Model-Based versus PID Control
To demonstrate the superiority of Model-Based Control (MBC) over standard PID control with regard to performance and robustness.
Many modern thermal processing systems involve temperature control of heated plates. Typically, these plates are heated by infrared radiation from hot filaments (including tungsten halogen lamps) and the temperature is measured using pyrometers. In many cases the temperature of the system is controlled using a Proportional-Integral-Derivative (PID) controller. However, there are applications where the temperature must be ramped up (or ramped down) rapidly while maintaining good temperature uniformity and with tight performance limits. In these cases, it may be difficult, or even impossible, to achieve the desired performance using PID controllers. In addition, the dynamic response of these systems typically changes considerably with operating conditions such as temperature, process gas composition, wafer emissivity, or wall emissivity (e.g., in systems where walls become coated during the deposition process). These changing operating conditions can make it difficult to tune a PID controller to achieve the desired performance over a broad range of operating conditions.
To improve performance in such situations, PID controllers are often gain-scheduled using different PID gains for different operating conditions. However, the limitations of PID control still apply, and gain-scheduling increases the amount of effort needed to tune the gains. Alternatively, even more complex controllers can be designed, such as Linear Quadratic Gaussian (LQG) controllers, but this requires the close involvement of an expert in the field of systems and control which is impractical in fabs.
SC Solutions has developed and refined a model-based control approach that can achieve good performance for a wide range of operating conditions. In this approach, e.g. for temperature control, a mathematical model of the relevant physics of the system is directly incorporated into the feedback controller. Thus, the controller incorporates knowledge of how the system dynamics change with the operating temperature.
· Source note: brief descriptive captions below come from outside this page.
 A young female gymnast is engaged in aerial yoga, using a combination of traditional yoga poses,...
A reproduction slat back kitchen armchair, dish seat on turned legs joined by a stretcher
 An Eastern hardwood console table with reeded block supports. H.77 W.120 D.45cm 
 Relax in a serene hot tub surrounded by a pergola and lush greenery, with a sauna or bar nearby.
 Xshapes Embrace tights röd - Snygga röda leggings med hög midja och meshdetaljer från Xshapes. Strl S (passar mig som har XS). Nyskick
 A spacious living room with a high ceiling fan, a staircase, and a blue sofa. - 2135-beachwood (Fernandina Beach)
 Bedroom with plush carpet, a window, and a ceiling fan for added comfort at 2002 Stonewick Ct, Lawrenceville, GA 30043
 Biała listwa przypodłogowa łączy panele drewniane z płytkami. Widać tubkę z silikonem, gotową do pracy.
Once the plant model is developed using information of the chamber geometry, material properties, etc., the controller design is relatively simple compared to an LQG controller. The design of the controller comes down to a few simple choices, such as the selection of the bandwidth of the desired closed-loop system. The set of graphs in the two figures below show the superior performance of the MBC controller compared to a standard PID controller for a heated plate.
In another simulation study, we compared the robustness and performance of this model-based controller to that of a gain-scheduled PID controller, as well as an LQG controller for a range of plate properties and operating conditions. In the set of graphs in the three figures shown below, the three control design methods are compared in terms of their ability to handle system modeling uncertainty, tracking performance (overshoot, settling time, etc.), and noise accommodation properties.
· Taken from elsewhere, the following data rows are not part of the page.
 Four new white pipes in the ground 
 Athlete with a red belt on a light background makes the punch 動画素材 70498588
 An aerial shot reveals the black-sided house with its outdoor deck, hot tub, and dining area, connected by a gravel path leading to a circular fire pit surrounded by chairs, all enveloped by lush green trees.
The simulation studies show that the model-based approach, as well as the LQG controller, yield significantly better performance and exhibit a much lower sensitivity to variation in system properties compared to a gain-scheduled PID controller, at the expense of a slight increase in noise sensitivity. The model-based controller has the added advantage of having a simpler and more intuitive design process than the more mathematically complex LQG controller.
Comparison of PID (blue), LQG (red), and MBC (green) for different target temperatures
When comparing Model-based Control (MBC) with standard Proportional-Integral-Derivative (PID) control, MBC has distinct benefits. This case study shows that in terms of performance, an MBC method outperforms a gain-scheduled PID controller in all performance areas such as overshoot, worst-case settling time, and robustness against system variations, at the expense of a slight increase in sensitivity to sensor noise. The model-based controller provides similar results as those obtained with the more mathematically-complex LQG controller, but has the advantage of a simplified and more intuitive design, resulting in the possibility of more efficient implementation and maintenance in a production environment.
The process of tuning of an MBC reduces to adjusting a simple ‘bandwidth’ knob in order to achieve the desired performance for the specific application. The design of the controller changes from ad-hoc tuning to modeling the performance-relevant system dynamics. Once a control-relevant model is derived, tuning of the MBC is quite straightforward.
While tuning simplicity is desirable, the primary advantage of Model-based Control is the superior performance that is achieved, which is a very important competitive advantage for our customers in today’s manufacturing environment.